## Exercise
Write the listing out again word for word, skipping each picture.

## Recorded data
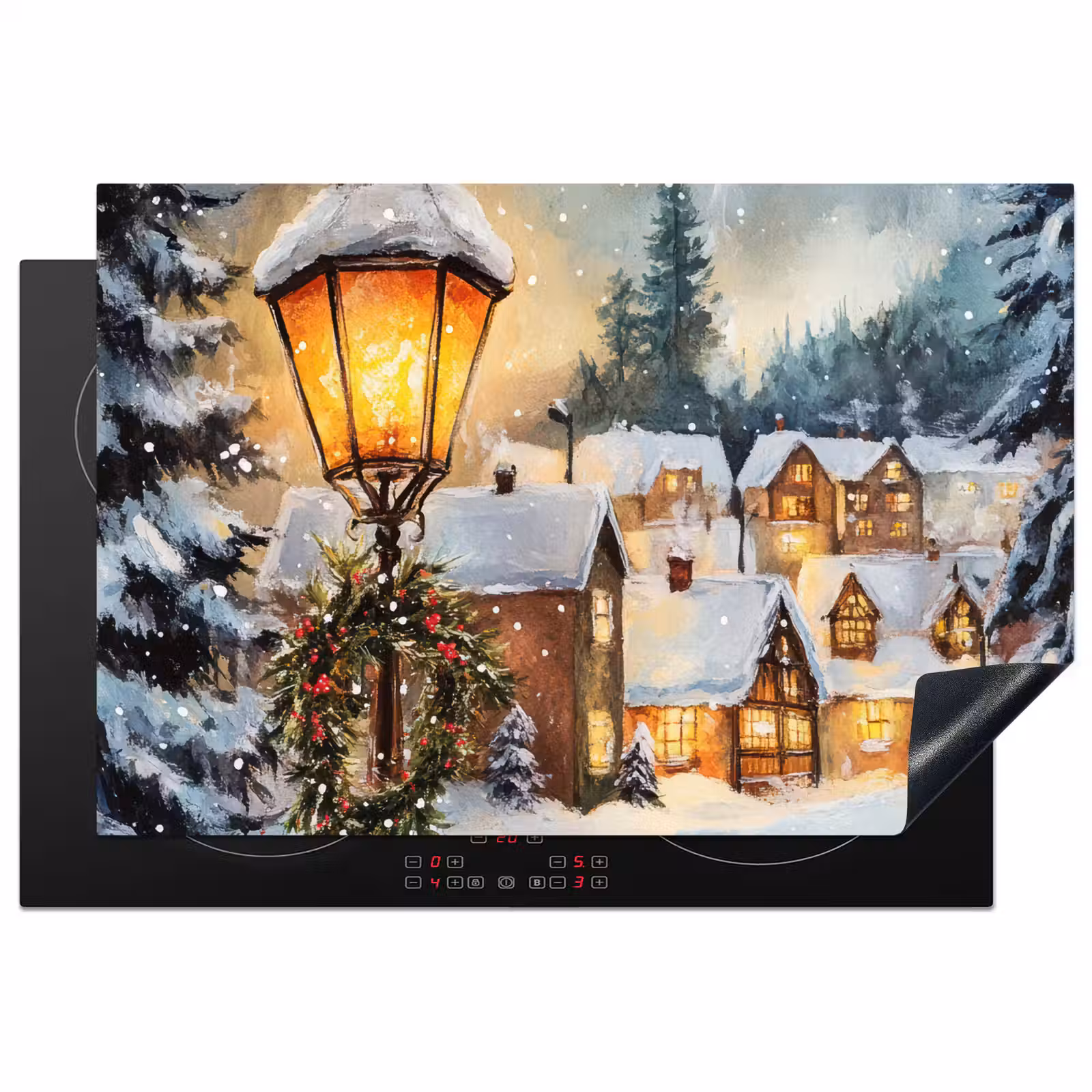 Inductie beschermer - Kerstdorp - Huizen - Sneeuw - Kerst — 1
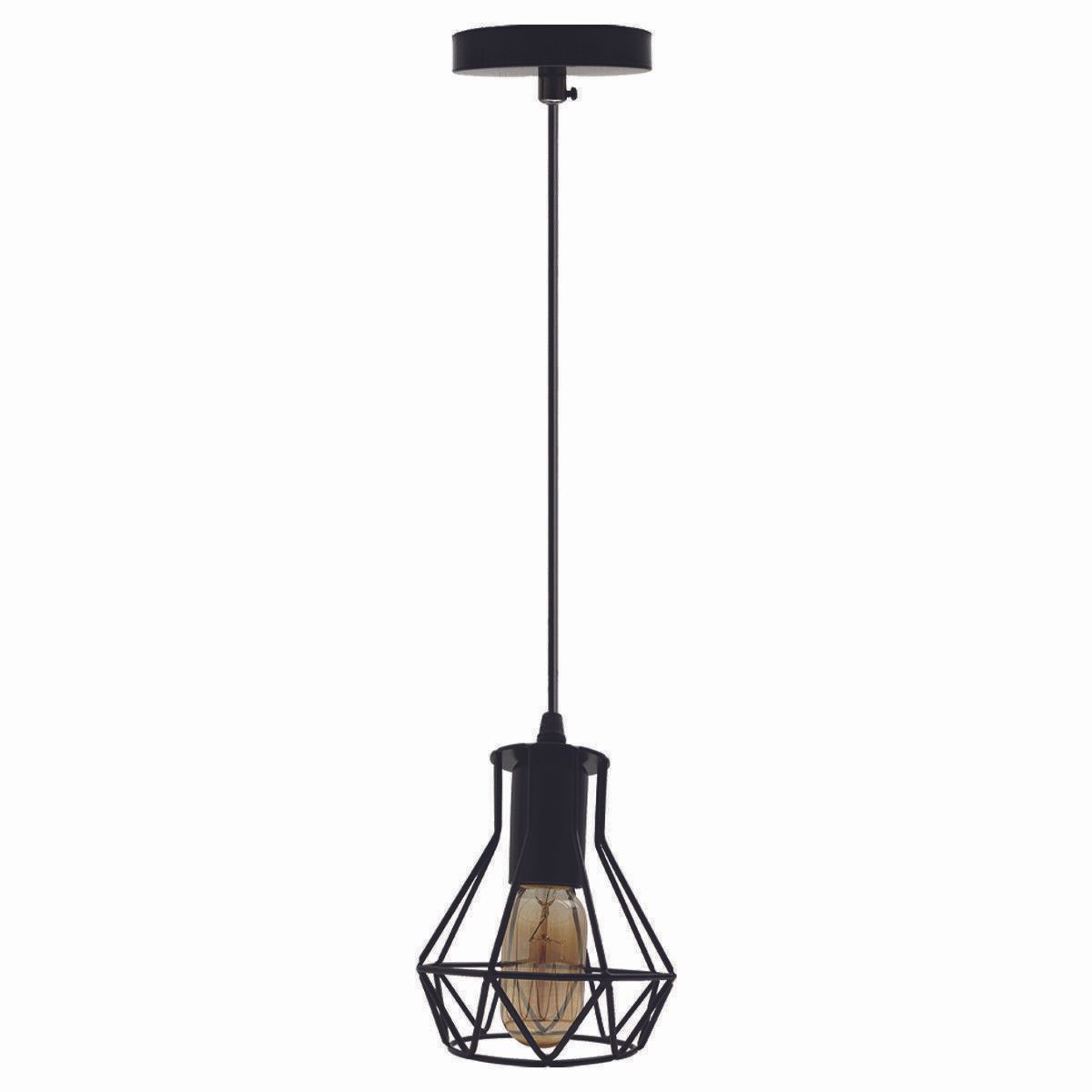 Modern Ceiling 1 Head Pendant Light with black metal cage design, showcasing its stylish and functional features.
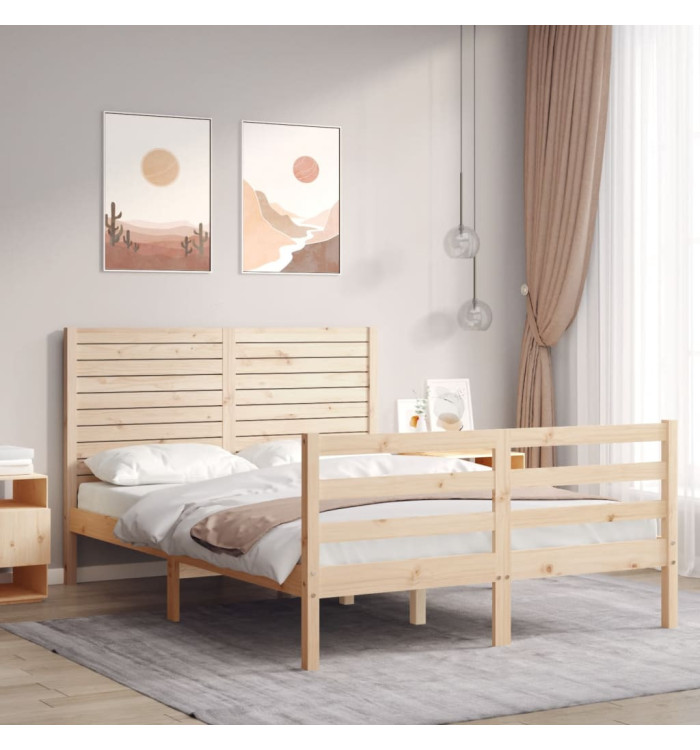 Cadre de lit sans matelas 140x190 cm bois massif | Mobilier & Déco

## Solution for this task
 Inductie beschermer - Kerstdorp - Huizen - Sneeuw - Kerst — 1
 Modern Ceiling 1 Head Pendant Light with black metal cage design, showcasing its stylish and functional features.
 Cadre de lit sans matelas 140x190 cm bois massif | Mobilier & Déco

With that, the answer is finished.